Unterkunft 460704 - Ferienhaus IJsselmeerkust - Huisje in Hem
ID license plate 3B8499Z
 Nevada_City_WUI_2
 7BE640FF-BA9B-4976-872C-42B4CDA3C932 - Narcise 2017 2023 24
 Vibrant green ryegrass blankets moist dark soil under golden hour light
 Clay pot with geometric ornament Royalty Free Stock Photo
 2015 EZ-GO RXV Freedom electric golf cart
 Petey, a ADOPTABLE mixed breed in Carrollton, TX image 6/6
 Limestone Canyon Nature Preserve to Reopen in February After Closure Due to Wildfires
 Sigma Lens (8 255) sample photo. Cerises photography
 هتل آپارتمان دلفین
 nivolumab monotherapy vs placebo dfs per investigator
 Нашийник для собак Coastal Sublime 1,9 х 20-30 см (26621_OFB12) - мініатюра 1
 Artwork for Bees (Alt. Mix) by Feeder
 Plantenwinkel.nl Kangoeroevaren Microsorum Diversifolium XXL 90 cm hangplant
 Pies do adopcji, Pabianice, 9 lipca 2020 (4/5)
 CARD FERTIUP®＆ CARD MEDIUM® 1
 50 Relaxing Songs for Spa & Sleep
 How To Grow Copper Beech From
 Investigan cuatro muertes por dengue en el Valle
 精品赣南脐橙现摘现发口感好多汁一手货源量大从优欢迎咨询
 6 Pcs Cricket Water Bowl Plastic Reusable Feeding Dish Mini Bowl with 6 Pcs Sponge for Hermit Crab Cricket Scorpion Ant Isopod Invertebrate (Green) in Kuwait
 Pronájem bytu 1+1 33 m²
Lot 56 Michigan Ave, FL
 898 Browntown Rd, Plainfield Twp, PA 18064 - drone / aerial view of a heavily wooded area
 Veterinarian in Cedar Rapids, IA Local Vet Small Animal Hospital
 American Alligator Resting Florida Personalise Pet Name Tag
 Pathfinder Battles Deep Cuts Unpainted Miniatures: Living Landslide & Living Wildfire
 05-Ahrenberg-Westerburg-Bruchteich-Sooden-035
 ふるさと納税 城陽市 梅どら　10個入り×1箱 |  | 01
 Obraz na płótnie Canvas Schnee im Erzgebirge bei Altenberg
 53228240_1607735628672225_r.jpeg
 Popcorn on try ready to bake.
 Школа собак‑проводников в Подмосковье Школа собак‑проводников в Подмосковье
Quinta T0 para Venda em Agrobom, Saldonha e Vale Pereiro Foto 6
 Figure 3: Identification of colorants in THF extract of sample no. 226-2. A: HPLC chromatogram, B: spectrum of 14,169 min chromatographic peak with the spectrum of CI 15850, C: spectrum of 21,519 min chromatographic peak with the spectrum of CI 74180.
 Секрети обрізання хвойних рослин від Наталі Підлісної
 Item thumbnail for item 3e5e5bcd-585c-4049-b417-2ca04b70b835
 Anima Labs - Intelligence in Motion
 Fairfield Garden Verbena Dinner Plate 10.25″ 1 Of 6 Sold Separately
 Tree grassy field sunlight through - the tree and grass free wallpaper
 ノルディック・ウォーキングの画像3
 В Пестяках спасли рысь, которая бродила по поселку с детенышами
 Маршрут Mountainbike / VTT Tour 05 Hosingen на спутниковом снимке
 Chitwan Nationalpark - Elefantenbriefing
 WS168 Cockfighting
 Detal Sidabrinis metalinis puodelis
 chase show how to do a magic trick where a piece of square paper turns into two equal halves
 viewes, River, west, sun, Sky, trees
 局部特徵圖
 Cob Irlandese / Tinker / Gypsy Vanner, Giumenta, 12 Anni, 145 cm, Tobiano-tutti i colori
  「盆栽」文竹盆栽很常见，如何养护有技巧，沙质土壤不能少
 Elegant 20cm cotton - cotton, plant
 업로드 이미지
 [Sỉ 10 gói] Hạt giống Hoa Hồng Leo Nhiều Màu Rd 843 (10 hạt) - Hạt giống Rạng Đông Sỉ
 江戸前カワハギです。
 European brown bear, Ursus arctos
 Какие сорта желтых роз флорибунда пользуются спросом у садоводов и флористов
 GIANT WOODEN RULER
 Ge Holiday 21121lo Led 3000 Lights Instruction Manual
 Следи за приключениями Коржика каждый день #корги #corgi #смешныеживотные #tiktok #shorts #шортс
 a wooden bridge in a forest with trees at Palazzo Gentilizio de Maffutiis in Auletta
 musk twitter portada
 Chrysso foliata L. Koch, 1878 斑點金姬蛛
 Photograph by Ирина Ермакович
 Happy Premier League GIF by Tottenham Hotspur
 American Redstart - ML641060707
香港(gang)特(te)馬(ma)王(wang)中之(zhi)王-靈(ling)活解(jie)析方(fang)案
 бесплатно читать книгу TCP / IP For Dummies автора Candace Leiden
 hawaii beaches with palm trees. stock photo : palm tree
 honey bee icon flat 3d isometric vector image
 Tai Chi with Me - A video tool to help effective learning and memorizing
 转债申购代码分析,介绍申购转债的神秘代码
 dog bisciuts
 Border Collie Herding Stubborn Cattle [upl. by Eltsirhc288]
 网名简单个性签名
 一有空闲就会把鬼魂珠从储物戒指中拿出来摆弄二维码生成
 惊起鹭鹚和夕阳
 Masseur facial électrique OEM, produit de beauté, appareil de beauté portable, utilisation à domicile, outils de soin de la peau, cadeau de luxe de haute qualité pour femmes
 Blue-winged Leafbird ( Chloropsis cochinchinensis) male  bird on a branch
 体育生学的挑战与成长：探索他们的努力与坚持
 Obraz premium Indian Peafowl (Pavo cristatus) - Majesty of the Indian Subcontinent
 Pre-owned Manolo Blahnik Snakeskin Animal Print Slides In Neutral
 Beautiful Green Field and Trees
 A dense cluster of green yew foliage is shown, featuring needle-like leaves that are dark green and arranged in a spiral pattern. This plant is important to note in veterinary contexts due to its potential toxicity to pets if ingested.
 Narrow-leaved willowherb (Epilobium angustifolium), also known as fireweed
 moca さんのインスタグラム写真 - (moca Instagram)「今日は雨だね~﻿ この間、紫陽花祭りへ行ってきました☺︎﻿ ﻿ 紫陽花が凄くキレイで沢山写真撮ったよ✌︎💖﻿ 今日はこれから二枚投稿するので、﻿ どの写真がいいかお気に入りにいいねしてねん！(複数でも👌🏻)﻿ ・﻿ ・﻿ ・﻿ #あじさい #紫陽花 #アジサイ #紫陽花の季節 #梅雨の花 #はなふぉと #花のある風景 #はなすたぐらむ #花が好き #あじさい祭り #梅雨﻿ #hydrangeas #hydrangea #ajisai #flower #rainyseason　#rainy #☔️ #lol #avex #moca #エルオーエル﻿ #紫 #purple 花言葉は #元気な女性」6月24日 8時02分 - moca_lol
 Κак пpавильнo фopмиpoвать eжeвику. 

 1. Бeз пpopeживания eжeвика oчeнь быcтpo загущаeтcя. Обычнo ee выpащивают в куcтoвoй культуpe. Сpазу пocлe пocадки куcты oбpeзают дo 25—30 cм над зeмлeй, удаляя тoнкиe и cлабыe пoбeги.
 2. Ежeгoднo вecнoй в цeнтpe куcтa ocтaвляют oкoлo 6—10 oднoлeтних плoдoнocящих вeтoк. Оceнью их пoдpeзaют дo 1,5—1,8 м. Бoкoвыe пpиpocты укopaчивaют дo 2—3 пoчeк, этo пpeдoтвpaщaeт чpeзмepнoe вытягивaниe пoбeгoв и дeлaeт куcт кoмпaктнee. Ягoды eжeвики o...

• • • • • • •

■ What the task asks
Look through the data above and return exactly the lines from the one that contains "honey bee icon" to the one that contains "Narrow-leaved willowherb (Epilobium", inclusive, with nothing else.

■ Solution to the exercise
 honey bee icon flat 3d isometric vector image
 Tai Chi with Me - A video tool to help effective learning and memorizing
 转债申购代码分析,介绍申购转债的神秘代码
 dog bisciuts
 Border Collie Herding Stubborn Cattle [upl. by Eltsirhc288]
 网名简单个性签名
 一有空闲就会把鬼魂珠从储物戒指中拿出来摆弄二维码生成
 惊起鹭鹚和夕阳
 Masseur facial électrique OEM, produit de beauté, appareil de beauté portable, utilisation à domicile, outils de soin de la peau, cadeau de luxe de haute qualité pour femmes
 Blue-winged Leafbird ( Chloropsis cochinchinensis) male  bird on a branch
 体育生学的挑战与成长：探索他们的努力与坚持
 Obraz premium Indian Peafowl (Pavo cristatus) - Majesty of the Indian Subcontinent
 Pre-owned Manolo Blahnik Snakeskin Animal Print Slides In Neutral
 Beautiful Green Field and Trees
 A dense cluster of green yew foliage is shown, featuring needle-like leaves that are dark green and arranged in a spiral pattern. This plant is important to note in veterinary contexts due to its potential toxicity to pets if ingested.
 Narrow-leaved willowherb (Epilobium angustifolium), also known as fireweed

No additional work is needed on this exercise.